Maybe you’re still feeling a little full post-Thanksgiving. Maybe you have chilly-weather sniffles. And/or maybe you just love warming, nourishing delicious soup. No matter the reason – this is the soup to make, now. Beautifully murky miso soup is a favored offering at Japanese restaurants, but don’t wait until you’re out to eat to have it – make it yourself, and you’ll never look back. And this recipe includes more vegetables (way more scallions! KALE! carrots! mushrooms!) for a heartier, more satisfying bowl. Low maintenance, high flavor.
Note: The brand of miso you use will impact the overall flavor, so try different brands until you find one you like. Also, you can use just about any seaweed in here. Wakame is particularly great – it adds that signature brininess to the broth that marries with the miso so well. And like many sea vegetables, wakame is full of important nutrients.

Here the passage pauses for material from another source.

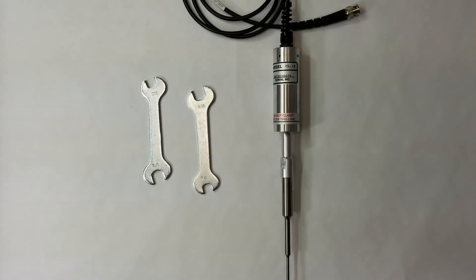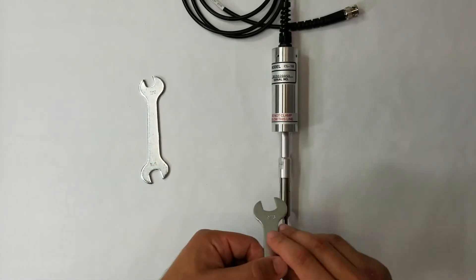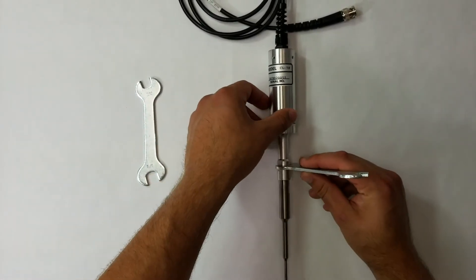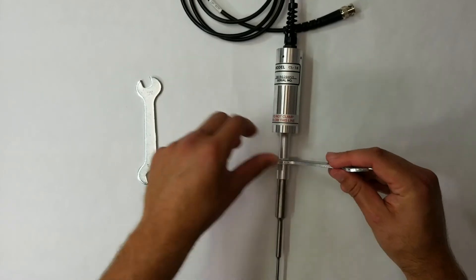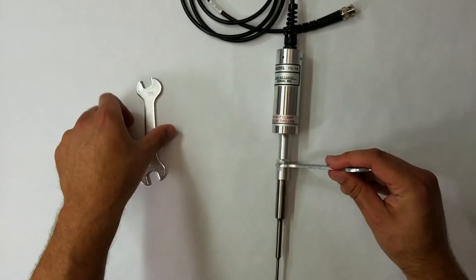To disassemble your ultrasonic probe from your converter, take one of the wrenches and place the 9-sixteenths end on the wrench flats of the converter.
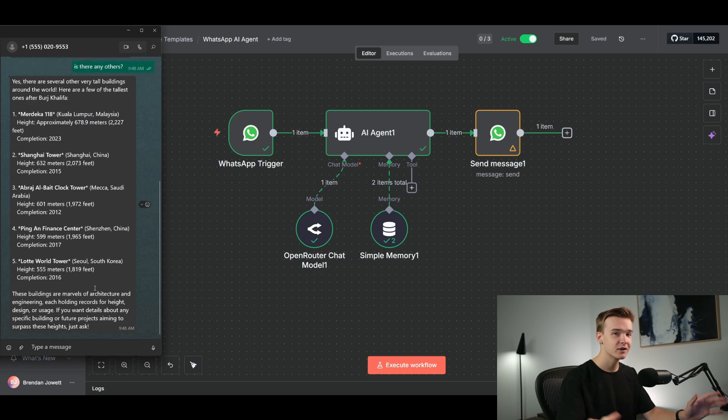Super simple and easy to get that set up. If you want to download this template, you can get access to it by joining my completely free AI School community, linked in the description. We've got over 17,000 members, 50 other AI agent templates just like this, as well as courses — and it's completely free.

Recipe: Hearty Miso Soup (makes about 4 servings)
What You Need
- 9 cups water
- 1 large carrot, peeled and thinly sliced
- 1 tbsp low-sodium tamari/soy sauce
- 2 pieces dried wakame seaweed, cut or broken into small pieces
- 8-10 baby portabello mushrooms, thinly sliced
- 1 bunch scallions, thinly sliced (cut off and discard the first 2 inches of green, and then use until about 1 inch from the bottom)
- 7 oz tofu (soft if you can drain and press it well, otherwise firm)
- 3-4 cups finely chopped kale
- 1/4 + 1/8 c miso (I used Miso Master’s organic brown rice miso)
- sambal hot sauce, to taste
- optional: cooked sweet/sticky brown rice or a light noodle (rice, vermicelli, mung bean)
What You Do
- Heat water in a large stock pot over medium-high heat. Stir in tamari and add carrots. Cook (no higher than a simmer) until the carrots are tender.
- Add seaweed and mushrooms and cook another 5-7 minutes, or until mushrooms tenderize and seaweed is re-hydrated.
- Stir in miso until no more clumps exist, simmering for 2-3 minutes.
- Add kale, scallions and tofu, cooking until the kale is just tender.
- Ladle into individual serving bowls, adding rice or noodles if using, and a dollop of sambal if you like some heat. Inhale the savory steam and devour!